A Framework for AI Governance - jfgagne

Good AI exists. Looking at the top companies globally, we know that a robust framework exists where AI can scale. How do the best companies in the world build Scalable AI?

There are five principles using which we can Scale AI with AI Governance in place.

1. Algorithms as micro-services
Instead of making the entire AI workflow about the algorithm, consider algorithms as micro-services that can be subscribed to and managed independently. This leads to the following advantages that can be prescribed at scale.

  • Reusability and lose coupling.
  • Auto-scaling and scheduling
  • Portability and virtualization

2. Six Sigma, factory-like approach to manufacturing and managing algorithm

Considering algorithms as part of the entire flow instead of the whole process means that we can focus more on manufacturing algorithms and reducing errors. Monitoring KPIs and version control can help to manage multiple algorithms at Scale. This will also help to keep track of performance along with who worked on the algorithm last.

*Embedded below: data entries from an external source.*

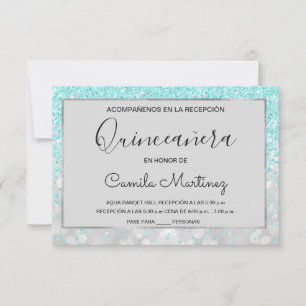 Invitación Quinceanera RSVP Verde azulada Blue Girly Purpurin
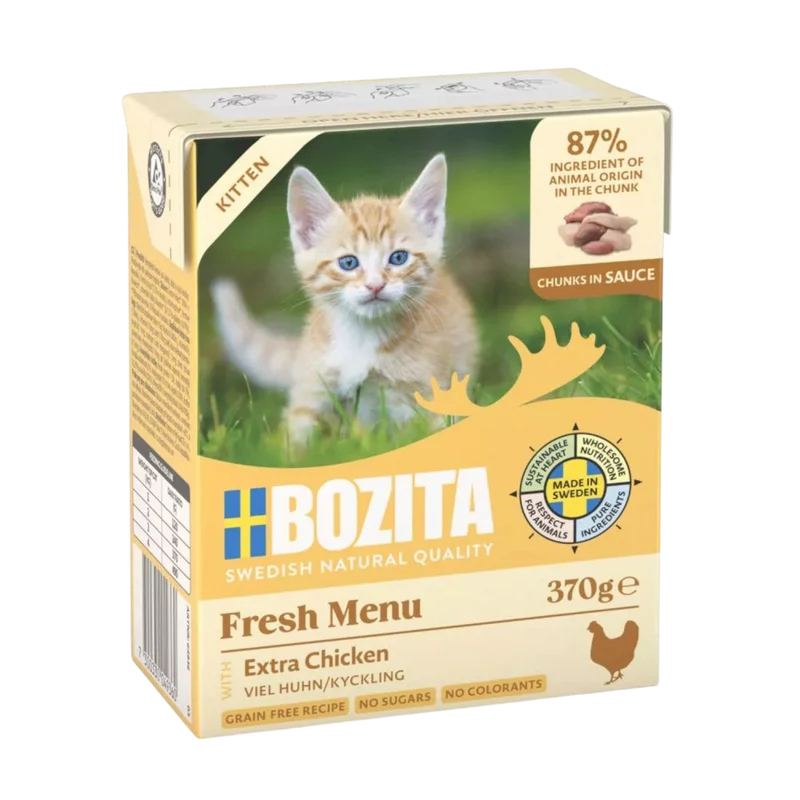 Bozita Häppchen in Sauce mit Hühnchen für Kitten – nährstoffreiches Premium-Nassfutter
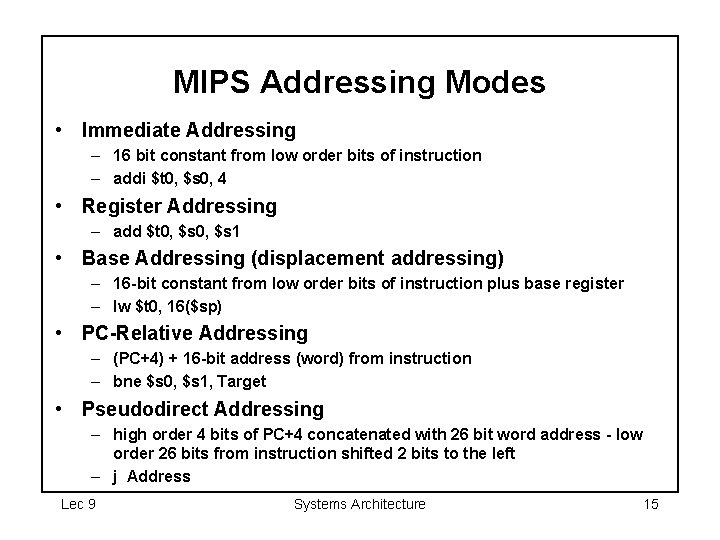 MIPS Addressing Modes • Immediate Addressing – 16 bit constant from low order bits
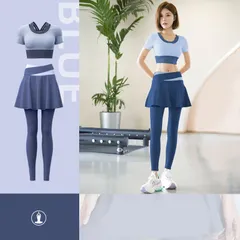 ヨガウェア 上下セット レディース 吸汗速乾 セットアップ レイヤード風 重ね着風 半袖 トップス ロング丈 ボトムス ハイウエスト Tシャツ 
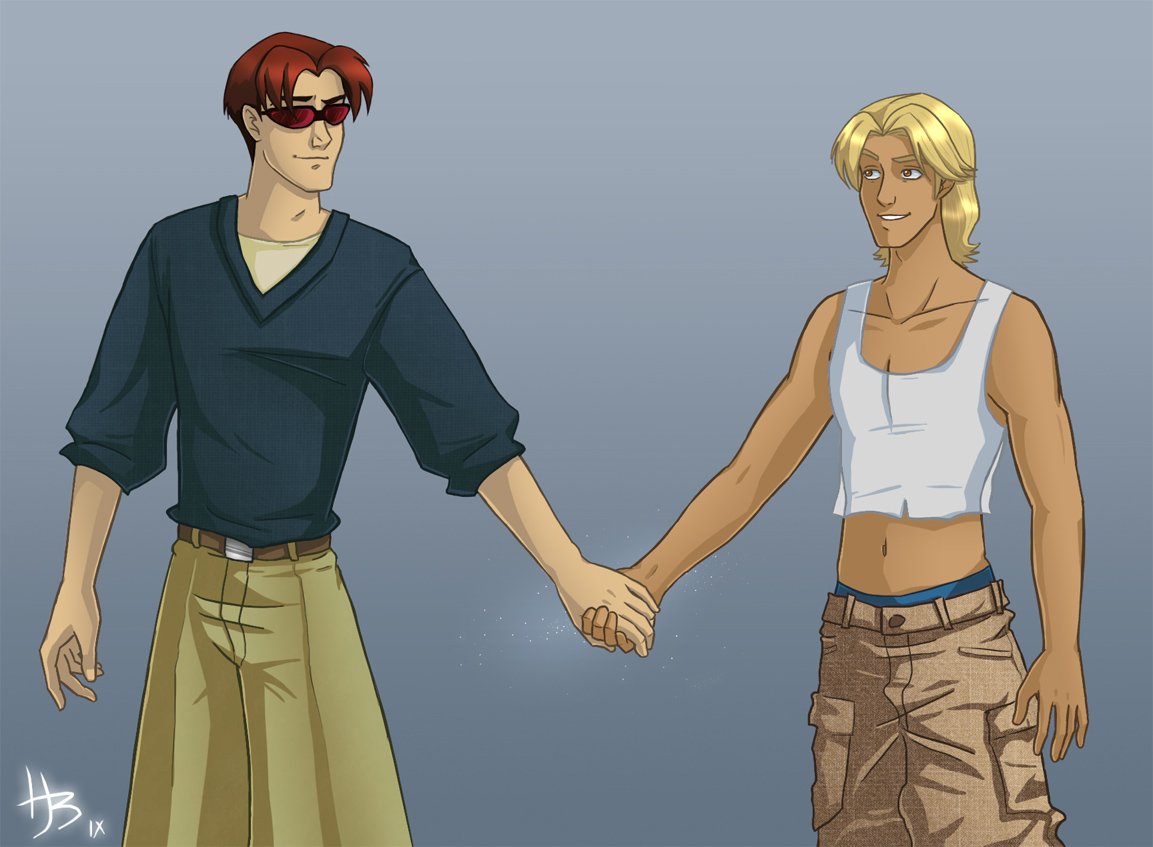 Download Brown Hair Blonde Glasses Scott Summers Alex Summers TV Show X-men: Evolution Art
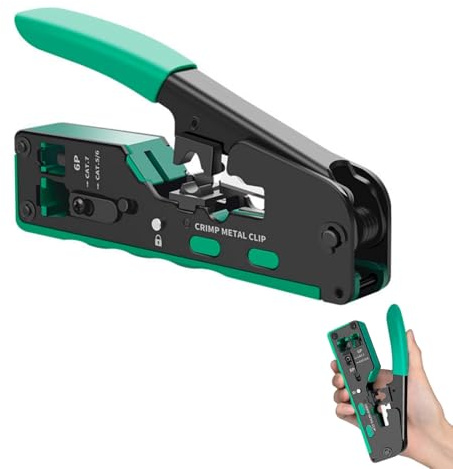 Profesional Crimpadora RJ45 Herramienta de Crimpado Universal, Pelacables Herramienta RJ45 Alicates para Engarzar Conectores, Tenaza Metálica Crimpar para Cables Ethernet Reparación y Mantenimiento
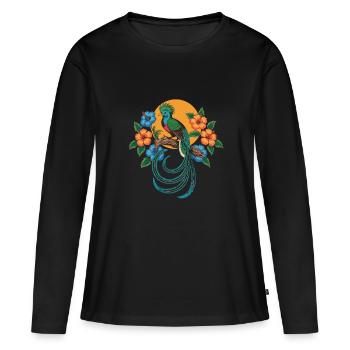 Quetzal avec de longues plumes de queue à l’avant - T-shirt manches longues Premium bio Femme - noir - Devant - Julia (174cm)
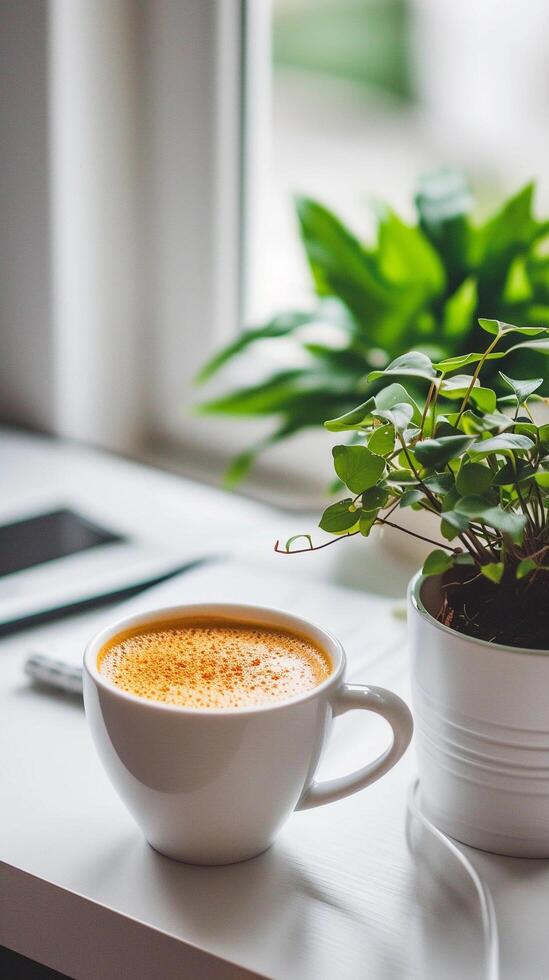 ai generato minimalista scrivania impostare con un' in vaso pianta, un' tazza di caffè, e ordinatamente disposte ufficio forniture, sfondo Immagine, generativo ai foto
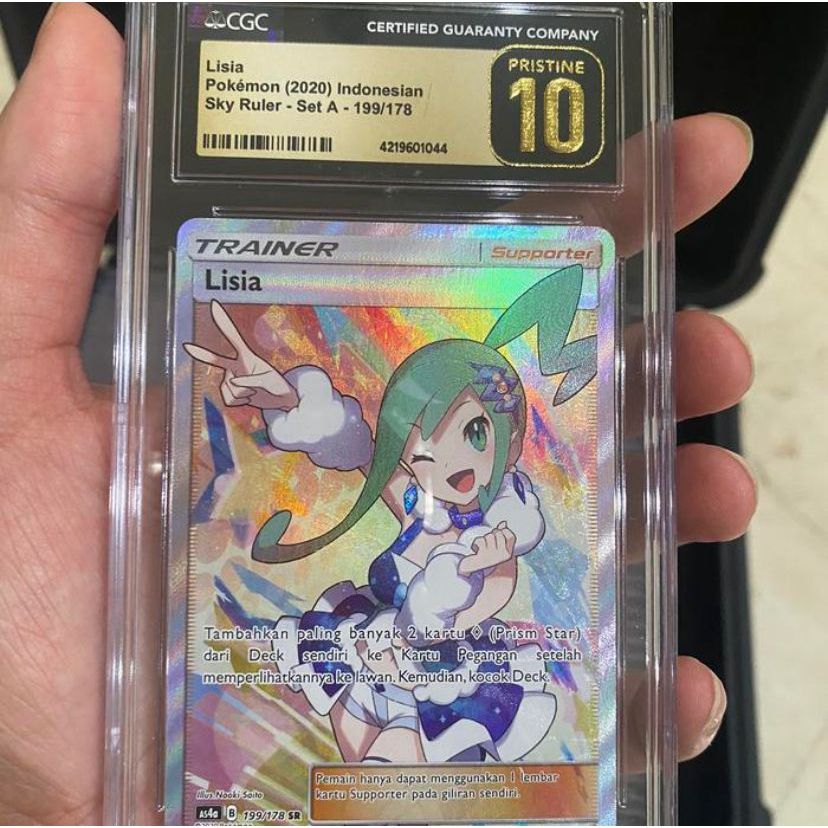 Kartu Pokemon TCG ID Indonesia AS4A Lisia SR FA CGC 10 Pristine PSA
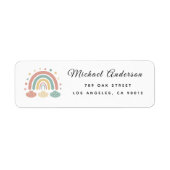 Cute Rainbow Baby Shower Return Address Label ラベル (正面)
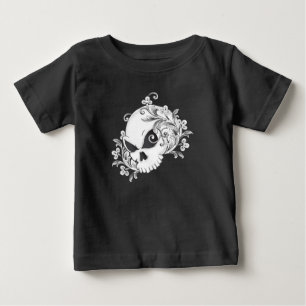 Camiseta Para Bebê Crânio Floral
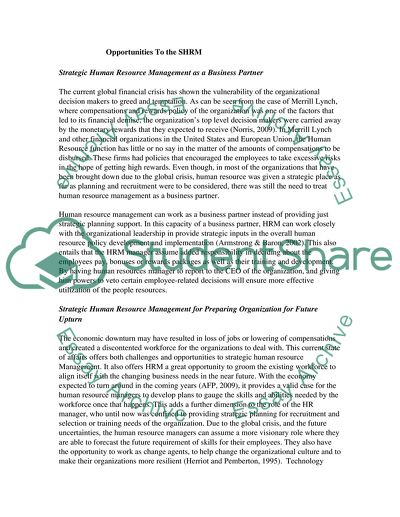 Current Global Economy Deterioration Presents Challenges And Opportunities For the Strategic Human Resource Management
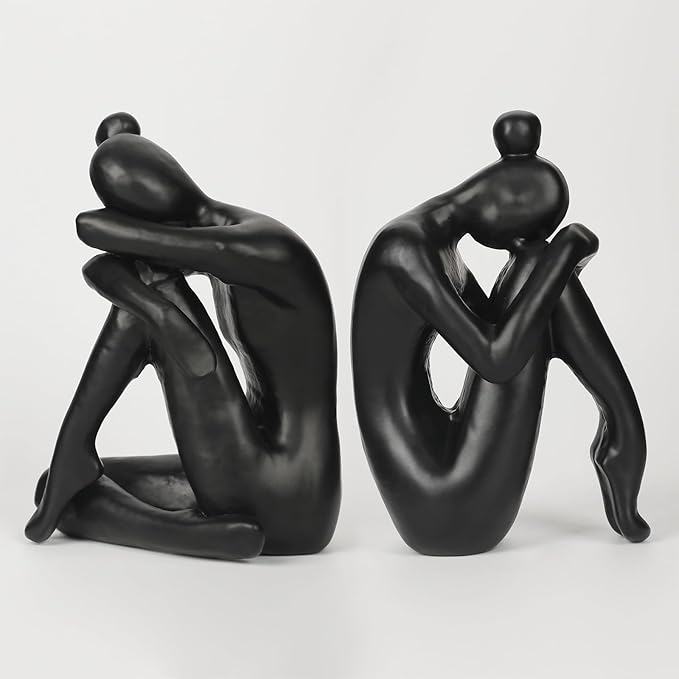 Unique Cast Iron Girl Thinker Bookends, Heavy-Duty Decorative Book Stoppers for Shelves, Creative Home and Office Desk Ornaments, 1 Pair/2 Pieces, 5.9"-Ruum Studio Home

  • Standardized and automated workflows
  • Performance monitoring 
  • Audit Trace

3. Data Integration at Scale
Most data architectures rely on a single source of truth. In real-world enterprises, companies rely on multiple sources of truth rather than trying to make a single route alone. Having multiple data integration routes helps optimize the operational as well as analytical use of data.

  • Experimentation in production
  • Big Data
  • Data Warehouse for core ETL tasks
  • Direct data pipelines
  • Tiered Data Lake

4. Move from Batch to event-based triggers
For more significant streams of real-time data, batch processing is preferred as there is greater control over the end-to-end architectural needs. However, going ahead, it is advisable to move from Batch to event-based triggers as this will help reduce infrastructural costs with a just-in-time application.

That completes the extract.